Below are the records; reproduce all of them exactly but without any images.

[Image-backed grounding data]
=======

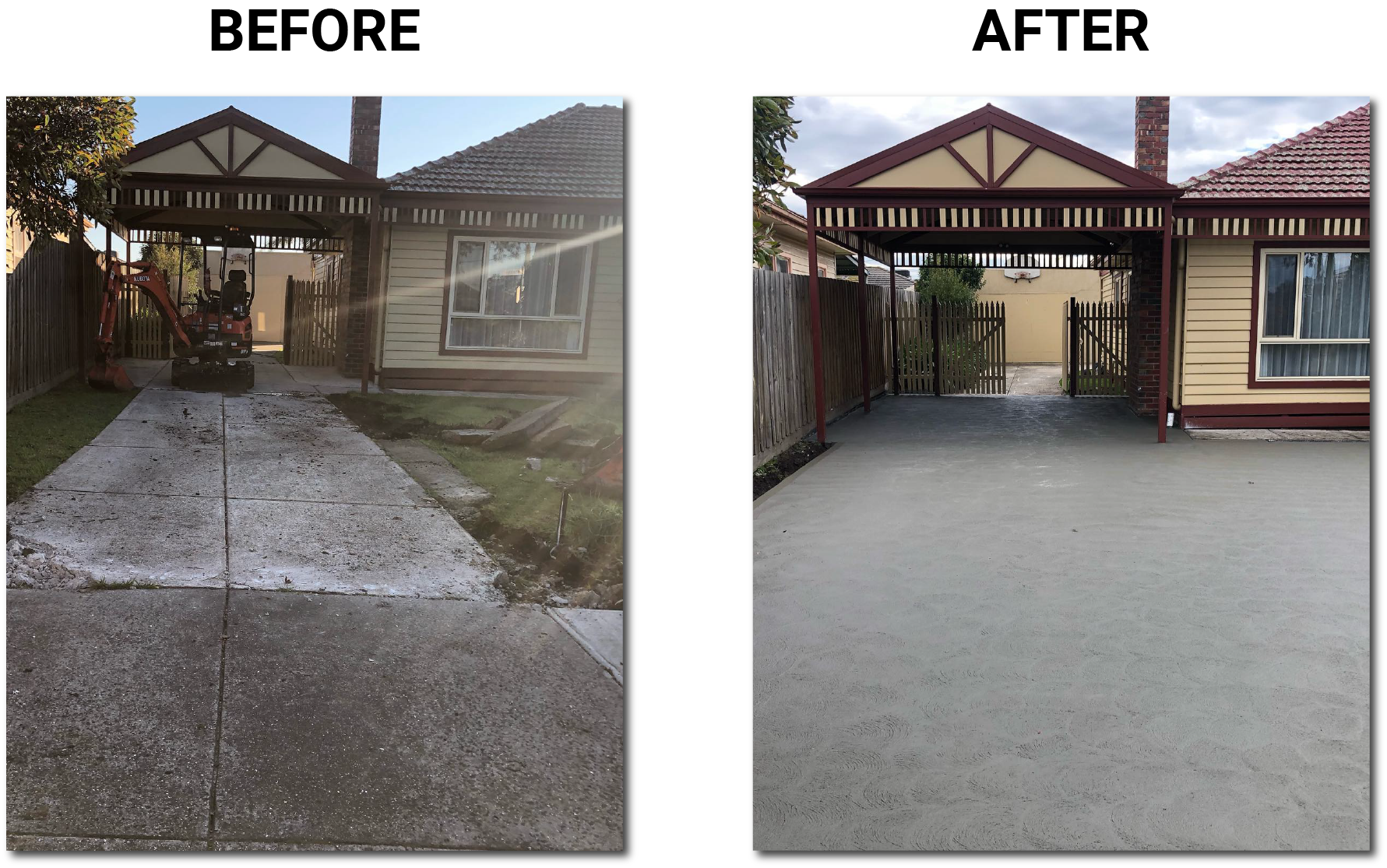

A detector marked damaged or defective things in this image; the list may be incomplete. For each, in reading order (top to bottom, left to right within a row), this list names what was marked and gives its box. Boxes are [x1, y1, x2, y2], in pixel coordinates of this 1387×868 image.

cracked concrete slab [34, 446, 221, 494]
cracked concrete slab [224, 449, 430, 504]
cracked concrete slab [6, 490, 226, 585]
cracked concrete slab [227, 496, 505, 599]
cracked concrete slab [3, 585, 221, 837]
cracked concrete slab [216, 588, 624, 842]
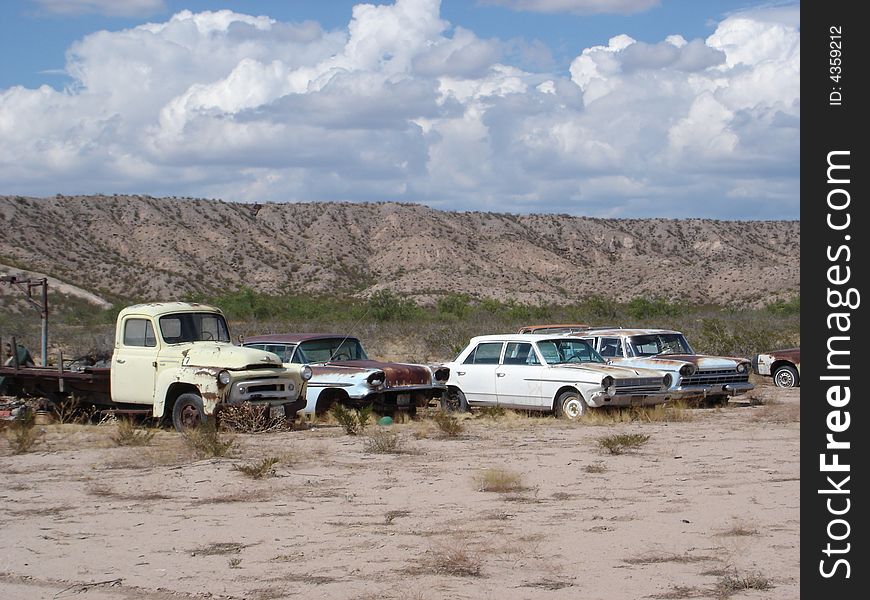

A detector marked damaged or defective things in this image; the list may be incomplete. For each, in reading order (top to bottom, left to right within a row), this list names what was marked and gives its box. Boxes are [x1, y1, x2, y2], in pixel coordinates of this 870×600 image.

rusty car [240, 332, 450, 418]
rusted car body [244, 336, 454, 414]
rusty car [442, 336, 676, 420]
rusted car body [580, 328, 756, 404]
rusty car [580, 328, 756, 404]
rusted car body [752, 350, 800, 386]
rusty car [752, 350, 800, 386]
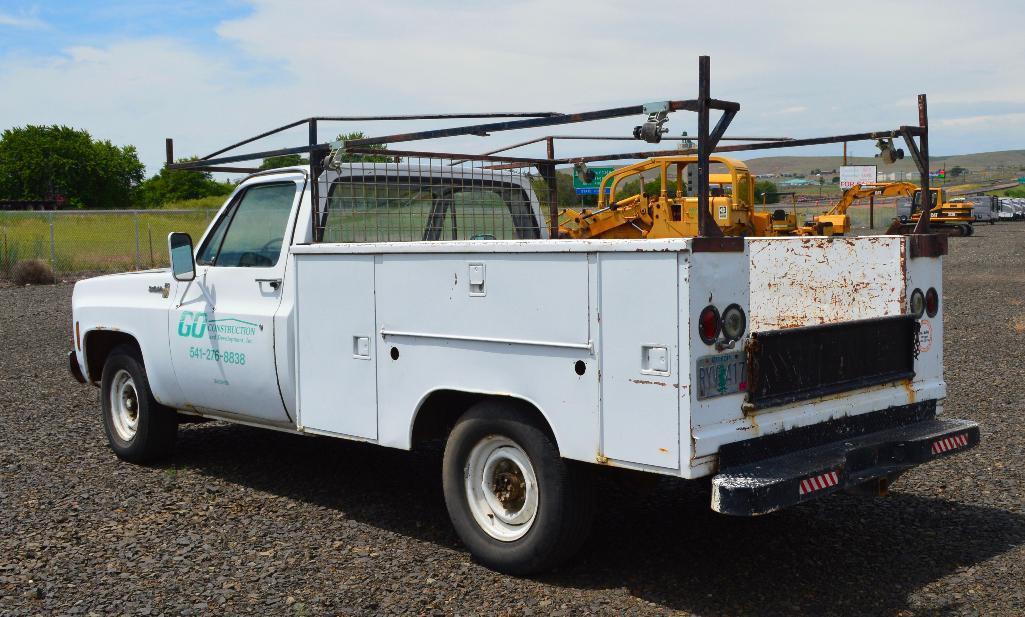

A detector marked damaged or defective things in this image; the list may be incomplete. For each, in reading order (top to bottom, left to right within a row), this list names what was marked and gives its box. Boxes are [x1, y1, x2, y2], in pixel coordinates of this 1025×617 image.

rusted metal panel [746, 235, 906, 332]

=======

● **YOUR SOLUTION**:
A detector marked damaged or defective things in this image; the list may be incomplete. For each, in reading order (top to bottom, left to right within a row), this list names what was marked and gives its box. Boxes are [x1, y1, x2, y2], in pixel coordinates of this 1387×868 image.

cracked concrete slab [34, 446, 221, 494]
cracked concrete slab [224, 449, 430, 504]
cracked concrete slab [6, 490, 226, 585]
cracked concrete slab [227, 496, 505, 599]
cracked concrete slab [3, 585, 221, 837]
cracked concrete slab [216, 588, 624, 842]

A detector marked damaged or defective things in this image; the list may be incomplete. For each, in reading order (top to bottom, left to right within a row), this list names what was marked and gives its box. Boxes are [x1, y1, x2, y2], in pixel coordinates of this 870×600 image.

rusty car [240, 332, 450, 418]
rusted car body [244, 336, 454, 414]
rusty car [442, 336, 676, 420]
rusted car body [580, 328, 756, 404]
rusty car [580, 328, 756, 404]
rusted car body [752, 350, 800, 386]
rusty car [752, 350, 800, 386]

A detector marked damaged or defective things in this image; the list may be incomplete. For each, in reading order (top to bottom, left to right within a row), this list names what was marked and gives its box. Boxes are [x1, y1, x2, y2], in pixel coordinates of this 1025×617 image.

rusted metal panel [746, 235, 906, 332]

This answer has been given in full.